Jeff Munneke, the last original employee still working for the Minnesota Timberwolves, has survived 26 years of mostly bad basketball with his signature optimism and enthusiasm intact. For his next trick, he will walk through a car wash without getting wet.
If there were a Hall of Fame for behind-the-scenes Minnesota sports employees, Munneke would be the first inductee. In a business known for change and conflict, he is a beloved survivor.
"When I first got the job, I thought, 'If I can last in the NBA for five years, that would be great,' " Munneke said. "Why would I want to change anything now?''
Munneke is the Wolves vice president of fan experience and basketball academies. For 26 years, he has watched his franchise suffer from mismanagement and misfortune. If Wolves history has been an avalanche of bad news, Munneke has been the guy standing at the bottom of the mountain, cheerfully holding an umbrella. "It's a dream job,'' he said.
He was a high school star and successor of Randy Breuer's at Lake City High. He played at Huron College in South Dakota, where he said he once "held" Dennis Rodman to 38 points and 26 rebounds in an NAIA playoff game. "His size 18s went past my eyebrows a few times," he said.

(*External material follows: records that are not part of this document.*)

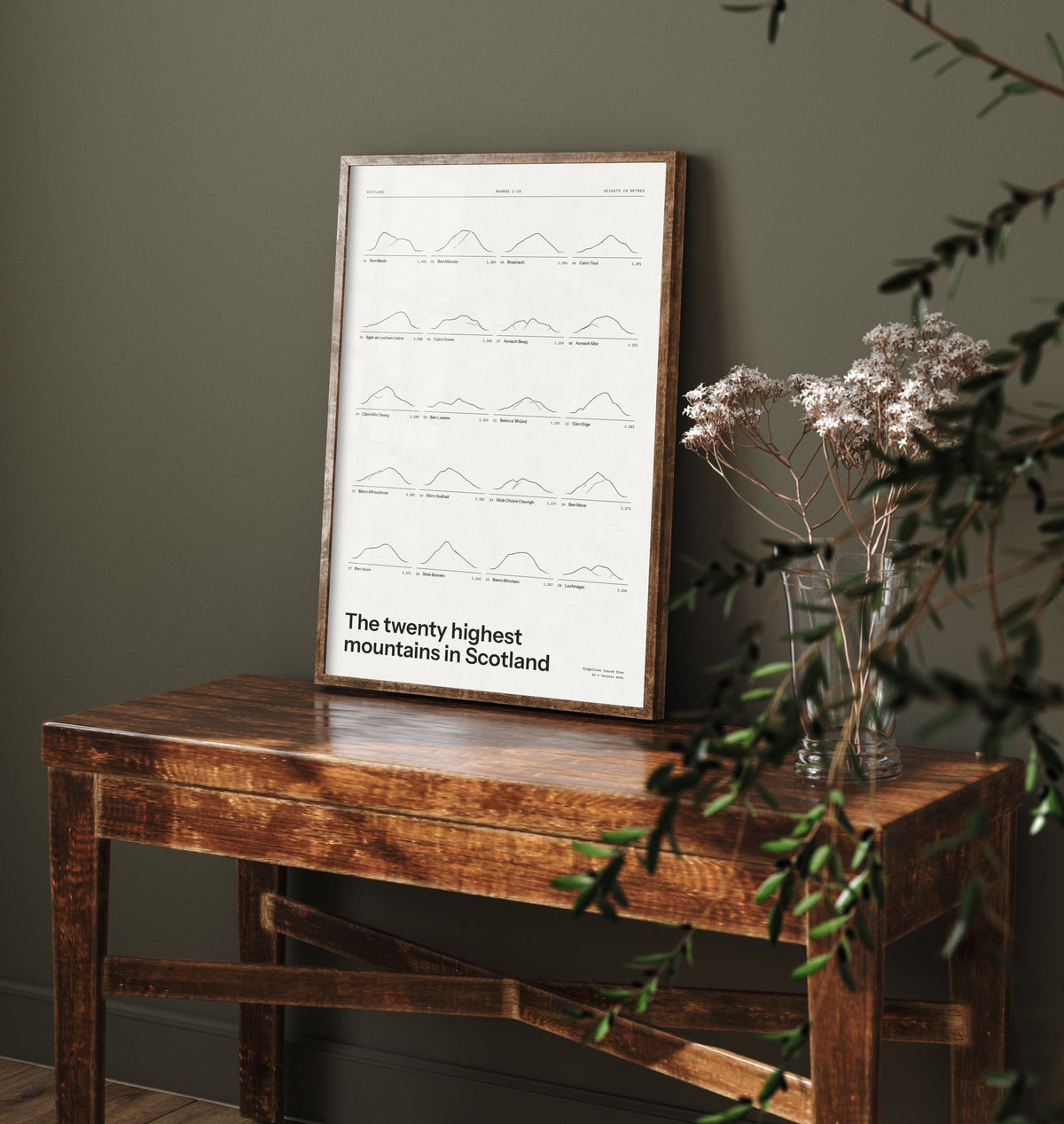 Scotland's Twenty Highest Peaks Print - Ledger Snow White Poster - Ben Nevis to Lochnagar Mountain Illustration - Hiker Gift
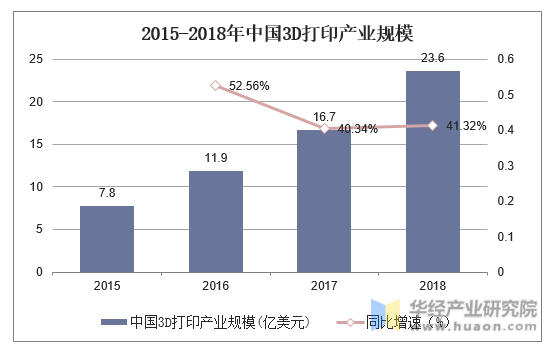 2015-2018年中国3D打印产业规模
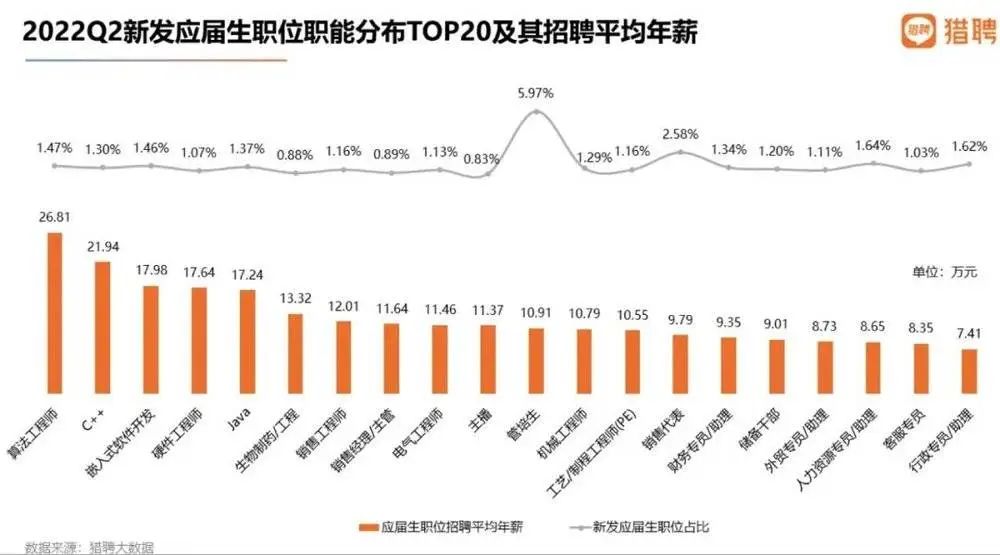 2022年，国内高薪的毕业生都去哪了？数据表明：通信行业平均年薪最高  就业 费用 第6张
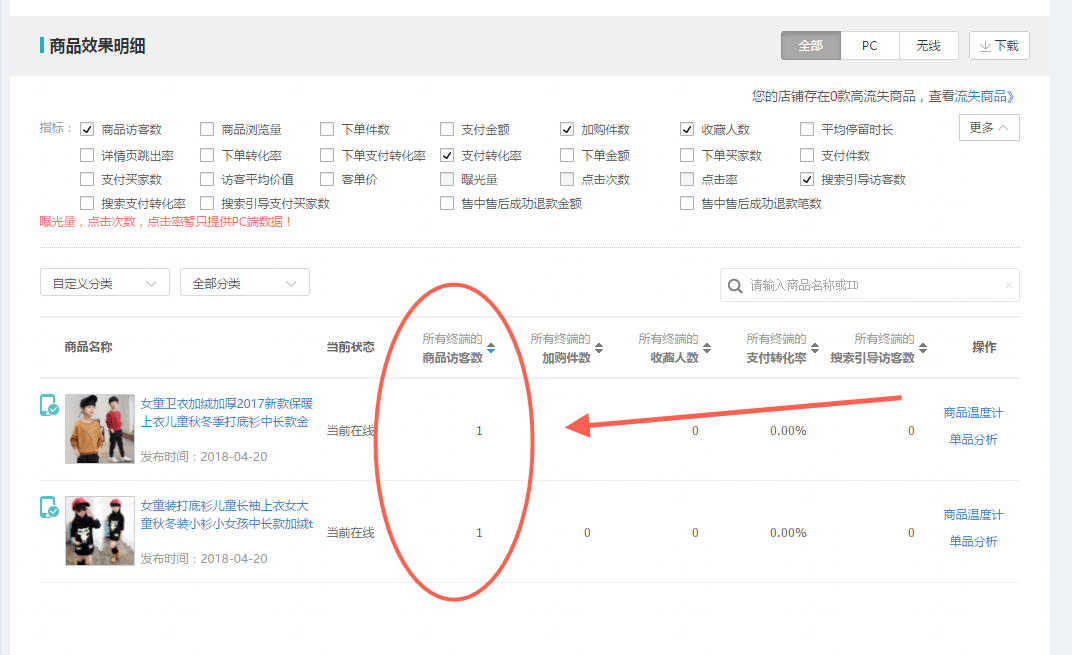 淘寶開店運營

A coach from Huron introduced him to former Miami Dolphins owner Joe Robbie, who owned the Minnesota Strikers soccer team. Munneke aced the "interview.''
"He asked me what the heck kind of a name 'Munneke' was,'' Munneke said. "Then he asked if I'd work for $10,000 a year. I was in.''
In 1988, he applied for a sales jobs with the upstart Minnesota NBA franchise. On the fifth round of interviews with team executives Bob Stein and Tim Leiweke, he broke out in flop sweat — "Like Robert [Hays] in the cockpit in the movie 'Airplane' " — and flubbed every answer.